Requesting root privileges to run letsencrypt...
/root/.local/share/letsencrypt/bin/letsencrypt --no-self-upgrade renew
Processing /etc/letsencrypt/renewal/luukhendriks.eu.conf
-------------------------------------------------------------------------------
The program nginx (process ID 14968) is already listening on TCP port 80.
(...)
Even though it fails, this looks promising: it knows where my certificates are stored on the filesystem, and without a proper nginx plugin it makes sense that we need to free up tcp/80 by hand.
Additionaly, people were complaining about the fact that one needs to run the letsencrypt scripts as root.
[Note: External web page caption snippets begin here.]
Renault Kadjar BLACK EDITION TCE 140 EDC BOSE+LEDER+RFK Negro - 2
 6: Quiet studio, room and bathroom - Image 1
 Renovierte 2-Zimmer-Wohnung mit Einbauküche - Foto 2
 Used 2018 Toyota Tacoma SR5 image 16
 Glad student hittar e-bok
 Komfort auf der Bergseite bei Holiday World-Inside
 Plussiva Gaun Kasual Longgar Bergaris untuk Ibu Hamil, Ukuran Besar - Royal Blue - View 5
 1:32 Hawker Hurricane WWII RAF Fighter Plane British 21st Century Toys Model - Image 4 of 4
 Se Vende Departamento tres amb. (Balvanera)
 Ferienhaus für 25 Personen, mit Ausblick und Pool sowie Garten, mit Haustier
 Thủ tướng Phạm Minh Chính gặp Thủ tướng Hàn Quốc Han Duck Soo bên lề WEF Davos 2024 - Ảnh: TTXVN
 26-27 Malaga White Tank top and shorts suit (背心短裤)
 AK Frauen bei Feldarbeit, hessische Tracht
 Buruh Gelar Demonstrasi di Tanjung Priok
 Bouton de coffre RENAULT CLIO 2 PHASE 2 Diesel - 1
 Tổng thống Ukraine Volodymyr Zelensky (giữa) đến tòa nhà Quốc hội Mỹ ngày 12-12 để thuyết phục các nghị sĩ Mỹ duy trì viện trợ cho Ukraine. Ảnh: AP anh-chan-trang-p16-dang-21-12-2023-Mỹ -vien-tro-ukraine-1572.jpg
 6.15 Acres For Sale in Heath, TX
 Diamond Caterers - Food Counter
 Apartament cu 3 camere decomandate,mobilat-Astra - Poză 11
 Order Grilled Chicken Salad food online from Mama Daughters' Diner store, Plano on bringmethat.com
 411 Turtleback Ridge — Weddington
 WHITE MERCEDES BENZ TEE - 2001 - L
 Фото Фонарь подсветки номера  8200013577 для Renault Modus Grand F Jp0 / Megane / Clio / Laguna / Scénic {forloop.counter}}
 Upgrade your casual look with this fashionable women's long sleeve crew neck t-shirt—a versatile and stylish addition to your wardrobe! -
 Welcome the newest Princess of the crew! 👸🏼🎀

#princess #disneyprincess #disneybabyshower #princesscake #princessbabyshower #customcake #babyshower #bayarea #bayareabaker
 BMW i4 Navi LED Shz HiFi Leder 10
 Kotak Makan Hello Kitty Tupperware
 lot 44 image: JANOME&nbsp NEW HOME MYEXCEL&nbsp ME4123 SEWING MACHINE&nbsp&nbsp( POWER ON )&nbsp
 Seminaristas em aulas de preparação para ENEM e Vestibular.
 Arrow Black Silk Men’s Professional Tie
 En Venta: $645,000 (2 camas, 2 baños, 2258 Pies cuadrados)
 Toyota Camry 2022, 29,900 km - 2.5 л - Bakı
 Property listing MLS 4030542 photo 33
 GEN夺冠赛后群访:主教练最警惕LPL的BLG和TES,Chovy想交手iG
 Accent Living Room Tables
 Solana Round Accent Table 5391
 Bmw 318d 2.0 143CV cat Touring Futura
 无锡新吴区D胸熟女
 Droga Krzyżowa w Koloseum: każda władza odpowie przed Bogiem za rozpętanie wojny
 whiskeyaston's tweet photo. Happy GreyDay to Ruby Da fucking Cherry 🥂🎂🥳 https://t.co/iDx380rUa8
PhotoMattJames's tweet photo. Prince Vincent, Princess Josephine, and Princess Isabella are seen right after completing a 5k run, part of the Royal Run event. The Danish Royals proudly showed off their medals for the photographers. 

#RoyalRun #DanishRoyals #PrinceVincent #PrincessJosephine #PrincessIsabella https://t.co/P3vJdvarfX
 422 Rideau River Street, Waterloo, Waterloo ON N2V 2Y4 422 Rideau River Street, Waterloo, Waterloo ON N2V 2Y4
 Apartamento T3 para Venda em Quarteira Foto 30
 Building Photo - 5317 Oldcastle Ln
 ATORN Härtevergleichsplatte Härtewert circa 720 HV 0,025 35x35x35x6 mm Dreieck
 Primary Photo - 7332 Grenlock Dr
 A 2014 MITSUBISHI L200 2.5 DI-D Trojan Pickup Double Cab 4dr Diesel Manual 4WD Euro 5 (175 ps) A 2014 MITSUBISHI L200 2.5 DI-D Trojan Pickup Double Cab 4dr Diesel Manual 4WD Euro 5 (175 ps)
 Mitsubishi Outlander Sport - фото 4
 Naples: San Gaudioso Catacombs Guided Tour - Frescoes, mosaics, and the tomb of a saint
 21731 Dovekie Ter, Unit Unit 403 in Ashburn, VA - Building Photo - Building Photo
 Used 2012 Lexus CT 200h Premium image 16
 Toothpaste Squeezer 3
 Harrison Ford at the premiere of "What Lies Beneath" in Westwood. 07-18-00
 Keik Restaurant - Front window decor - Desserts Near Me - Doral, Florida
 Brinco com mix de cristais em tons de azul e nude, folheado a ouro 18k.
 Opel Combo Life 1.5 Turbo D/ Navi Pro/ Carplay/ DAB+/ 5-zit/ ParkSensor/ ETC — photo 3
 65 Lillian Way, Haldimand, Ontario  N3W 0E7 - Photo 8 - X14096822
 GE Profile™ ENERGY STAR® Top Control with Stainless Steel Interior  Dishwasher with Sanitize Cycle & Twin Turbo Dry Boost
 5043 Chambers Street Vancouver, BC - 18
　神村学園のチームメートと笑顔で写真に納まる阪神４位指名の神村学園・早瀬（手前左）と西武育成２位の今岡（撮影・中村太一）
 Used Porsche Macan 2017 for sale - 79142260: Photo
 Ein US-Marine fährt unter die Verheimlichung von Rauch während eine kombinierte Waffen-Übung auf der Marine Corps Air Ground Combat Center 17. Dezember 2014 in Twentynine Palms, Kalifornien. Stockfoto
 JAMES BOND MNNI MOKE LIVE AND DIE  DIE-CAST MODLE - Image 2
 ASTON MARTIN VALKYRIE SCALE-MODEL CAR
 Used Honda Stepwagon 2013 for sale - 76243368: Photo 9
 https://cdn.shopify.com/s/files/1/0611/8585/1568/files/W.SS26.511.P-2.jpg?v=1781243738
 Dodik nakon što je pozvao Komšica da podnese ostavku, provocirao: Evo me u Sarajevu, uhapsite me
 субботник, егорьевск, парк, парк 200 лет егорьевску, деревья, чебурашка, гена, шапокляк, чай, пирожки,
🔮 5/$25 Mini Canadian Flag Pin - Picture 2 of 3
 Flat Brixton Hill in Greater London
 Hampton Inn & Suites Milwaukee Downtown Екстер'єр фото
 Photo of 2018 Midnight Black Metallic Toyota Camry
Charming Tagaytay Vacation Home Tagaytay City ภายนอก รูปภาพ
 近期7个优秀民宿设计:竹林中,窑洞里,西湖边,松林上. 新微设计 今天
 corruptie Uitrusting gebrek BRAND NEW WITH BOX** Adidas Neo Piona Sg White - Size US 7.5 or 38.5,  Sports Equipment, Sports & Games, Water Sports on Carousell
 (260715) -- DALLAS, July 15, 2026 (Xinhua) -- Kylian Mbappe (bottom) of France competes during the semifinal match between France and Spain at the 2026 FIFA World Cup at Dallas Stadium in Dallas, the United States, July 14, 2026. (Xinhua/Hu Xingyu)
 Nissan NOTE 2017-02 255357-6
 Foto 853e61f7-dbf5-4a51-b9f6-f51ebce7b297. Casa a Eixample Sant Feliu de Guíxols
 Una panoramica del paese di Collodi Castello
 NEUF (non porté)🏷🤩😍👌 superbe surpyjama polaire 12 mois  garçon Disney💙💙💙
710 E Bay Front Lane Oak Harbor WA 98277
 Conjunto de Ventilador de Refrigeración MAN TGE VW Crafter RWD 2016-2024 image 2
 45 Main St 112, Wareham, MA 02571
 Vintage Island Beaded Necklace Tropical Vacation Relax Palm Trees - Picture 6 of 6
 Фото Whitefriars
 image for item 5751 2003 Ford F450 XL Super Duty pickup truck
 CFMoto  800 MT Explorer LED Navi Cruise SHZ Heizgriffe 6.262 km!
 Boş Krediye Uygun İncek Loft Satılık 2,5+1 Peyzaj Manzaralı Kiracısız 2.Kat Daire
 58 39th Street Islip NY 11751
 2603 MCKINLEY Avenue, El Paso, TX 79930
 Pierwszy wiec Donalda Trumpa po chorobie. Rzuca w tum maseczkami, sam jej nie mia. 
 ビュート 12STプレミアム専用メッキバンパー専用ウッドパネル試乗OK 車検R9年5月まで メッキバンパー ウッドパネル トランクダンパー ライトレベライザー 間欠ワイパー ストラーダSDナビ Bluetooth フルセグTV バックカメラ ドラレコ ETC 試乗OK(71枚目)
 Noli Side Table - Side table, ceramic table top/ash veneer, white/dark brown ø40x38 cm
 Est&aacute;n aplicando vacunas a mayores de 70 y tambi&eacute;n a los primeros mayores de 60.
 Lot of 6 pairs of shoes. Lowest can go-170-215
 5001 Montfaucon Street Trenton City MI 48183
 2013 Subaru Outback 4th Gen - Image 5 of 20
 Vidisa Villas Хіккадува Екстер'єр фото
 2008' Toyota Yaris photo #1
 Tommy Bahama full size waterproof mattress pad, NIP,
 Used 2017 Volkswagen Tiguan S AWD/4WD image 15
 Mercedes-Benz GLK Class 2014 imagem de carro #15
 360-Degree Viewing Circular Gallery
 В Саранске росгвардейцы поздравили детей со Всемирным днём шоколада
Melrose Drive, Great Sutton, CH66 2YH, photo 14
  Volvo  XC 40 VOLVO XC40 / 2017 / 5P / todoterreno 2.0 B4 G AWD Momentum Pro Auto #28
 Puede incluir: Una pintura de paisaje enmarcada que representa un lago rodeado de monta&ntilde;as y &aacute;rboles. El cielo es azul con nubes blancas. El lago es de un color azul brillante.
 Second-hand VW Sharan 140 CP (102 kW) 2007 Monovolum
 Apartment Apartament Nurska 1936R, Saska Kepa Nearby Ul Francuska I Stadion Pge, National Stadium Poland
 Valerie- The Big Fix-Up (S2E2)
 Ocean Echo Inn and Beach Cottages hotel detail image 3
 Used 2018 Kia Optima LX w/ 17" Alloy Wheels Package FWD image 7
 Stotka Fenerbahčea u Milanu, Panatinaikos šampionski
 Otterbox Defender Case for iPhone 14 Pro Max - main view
There seems to be a privilege check now, as can be seen in the output above.
Processing /etc/letsencrypt/renewal/blog.luukhendriks.eu.conf
2016-02-20 12:04:10,903:WARNING:letsencrypt.cli:Attempting to renew cert from /etc/letsencrypt/renewal/blog.luukhendriks.eu.conf produced an unexpected error: You've asked to renew/replace a seemingly valid certificate with a test certificate (domains: blog.luukhendriks.eu, luukhendriks.eu, smokeping.luukhendriks.eu). We will not do that unless you use the --break-my-certs flag!. Skipping.
This might come from some failed attempts when I started out with this whole Let's Encrypt thing. Are these perhaps leftovers from the closed beta certs? Looking into that specific .conf
file reveals that indeed an old server is used:
(...)
server = https://acme-staging.api.letsencrypt.org/directory
(...)
In my case, part of the problem was that I did not include all my subdomains when I initially generated the certs. This results in multiple certs, multiple .conf
files in the renewal
directory, and thus in a more cumbersome renewal process. I've added the subdomain to the domains
key in the .conf
file, and attempted another renewal.
# ./letsencrypt-auto --force-renew renew
The --force-renew
was needed as I've just updated the certificate, and the script sees no need for another renewal just yet. First I got a DNS related error, saying there was no A record for my domain. Just ran the same command again, and then it worked. Because of my edit in the .conf
file, some small changes in my nginx config were needed, but after that and a simple start/restart, things worked! Or ... well...
Simply adding the extra subdomain is not enough, apparently. The newly added subdomain does not serve a valid certificate, or better put, the generated certificate does not include information on that added subdomain.
The good news is, that the other subdomains worked perfectly fine. So, the renewal approach as described works. In my case, I will generate new certificates with all subdomains included, so a new .conf
file is generated.
You did create that TLSA record right? Make sure you update it, as it is simply serving a wrong hash now. See the original post for some one-liners on this.